It’s an unseasonably warm Monday evening, and even warmer inside the studio at DIG Yoga in Queen Village. I’m hiding in the back near the door. Sweat drips from my forehead, staining my new Lululemon yoga mat, as I struggle in downward-facing dog. I glance at the girl next to me—she looks totally Zen—and begin contemplating a fast, early exit. This is only day one of my 30-day yoga challenge, and I’m starting to think I’ve made a terrible mistake.
I always assumed I would hate yoga: the snail-like pace, the lack of competitiveness, the hippie-dippy ommmms. But for the sake of New Year’s—fresh starts! Personal challenges!—I decided to give it a fair shake: 30 days of yoga classes, at 30 different studios in the Philadelphia area. If I didn’t like yoga after this experiment, I figured I’d officially be a lost cause.
The first week was hell. I’m a fairly decent runner, but I wasn’t used to stretching and bending. “Listen to your body, and don’t push past what it’s able to do,” instructor Johnathan Raiss told me after a particularly grueling class at Fishtown’s Amrita Yoga. It was a nugget of advice I would hear again and again: Not only does forcing your body into yogic submission invite injury; it won’t help you become stronger, bendier or more confident on the mat.

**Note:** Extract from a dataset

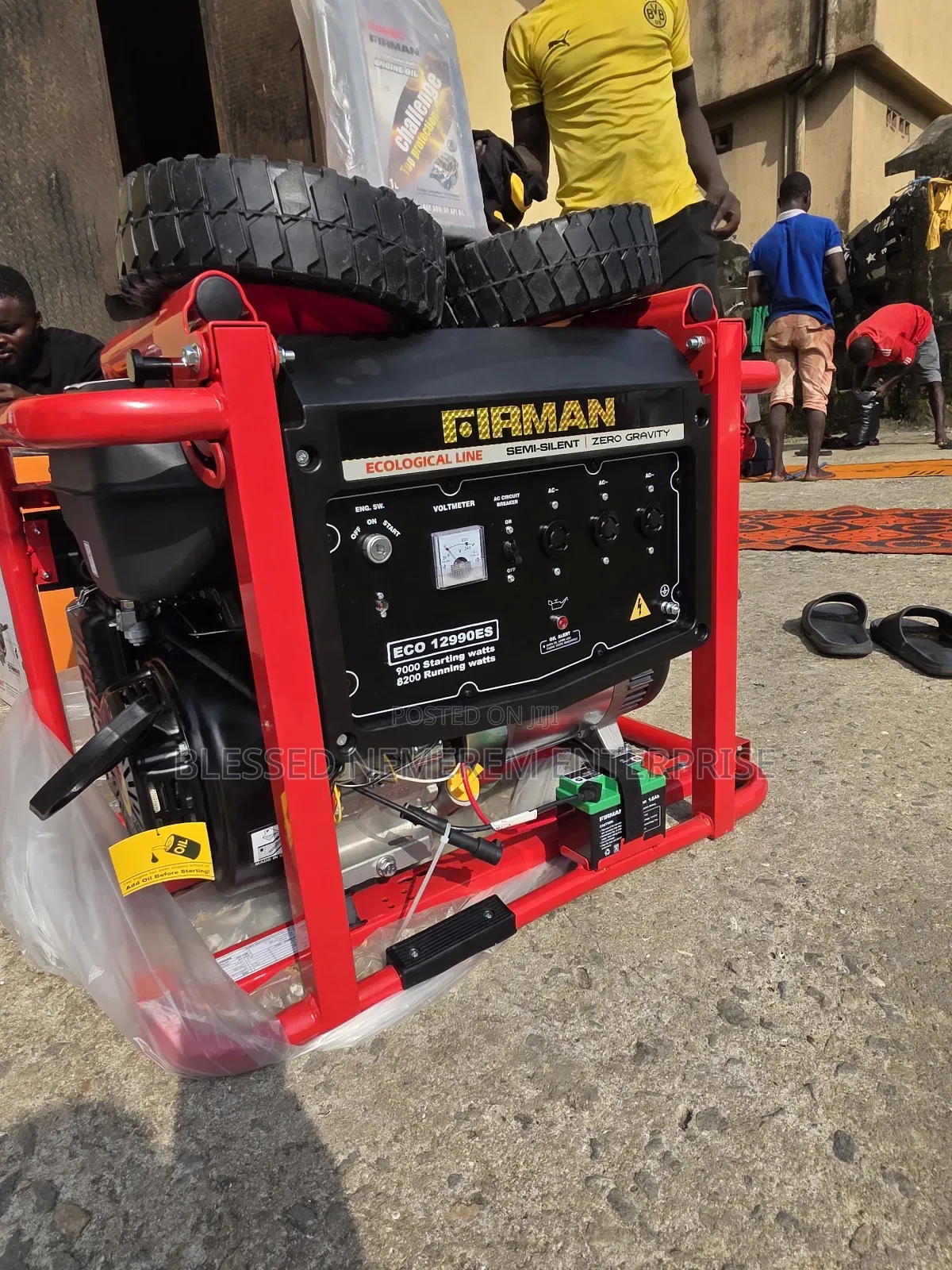 {10.K.V.A}Firman Petrol Generator Model Eco12990e2 100%Copper Coil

When I focused on doing the poses in ways that worked for my body, something started to happen: By week two, I could easily touch my fingers to the floor. My arms and shoulders were getting noticeably stronger; my abs were tighter. I could keep pace with the rest of the class. I was able to focus and stopped comparing myself to the people around me. And oddly enough, I was enjoying it.
Nearly halfway through the challenge, I attended an evening class at Yoga on the Ridge in Roxborough. By the time I got there, only one spot was left: front row, dead center. Without batting an eye, I rolled out my now-well-used yoga mat. I wasn’t hiding in the back corner, and for the first time, I didn’t care. After 30 days, I still can’t do a headstand, but I’m getting there—front row, dead center.

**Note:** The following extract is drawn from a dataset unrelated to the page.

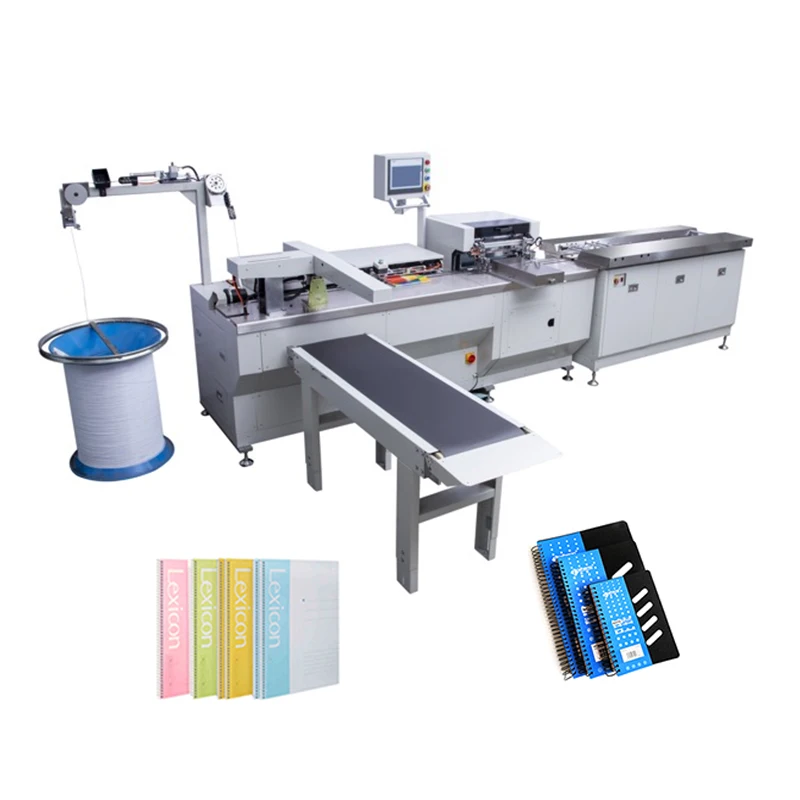 Semi Automatic Student Notebook Wire Book Binder Machine Metal Loop Single Coil Exercise Books Calendar Spiral Binding Machine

Curious about where I did all those down-dogs during the challenge? Here’s my day-by-day diary of all the studios and classes I attended.
Day 1: DIG Yoga
Location: Queen Village
Class: DIG Hour
Instructor: Nikki Robinson
This is what I would consider my “home” studio (in that I’ve taken a half dozen classes here in the past, which is approximately a half dozen more than I’ve taken at any other studio), so I thought it was the right place to start. This particular DIG Hour turned out to be all about abs. A fun class to start this challenge with. I have to admit that I felt a bit sheepish and sort of hid in the back, but I think this is something all newbies go through. Being able to watch the more advanced yogis around me was helpful, in terms of knowing what the heck I’m supposed to be doing, but it was a bit of an ego blow. I just need to embrace my beginner status and learn to be okay with it (something that’s a bit of a challenge for a person who’s as competitive as I am.) But hey, it’s Day 1 and I’m already learning a lesson. The class itself was a sweaty, steady pace, and the perfect way to burn some steam before bed. I felt strong and confident. Bonus: I slept like a total baby.
Day 2: Maha Yoga and Healing Arts
Location: Center City
Instructor: Justicia DeClue
So THIS is where all the yogis in Center City go for happy hour. We were packed in there like sardines, which made this moderate-to-fast-paced class sweaty, sweaty, sweaty. Very fun, relaxed community vibe.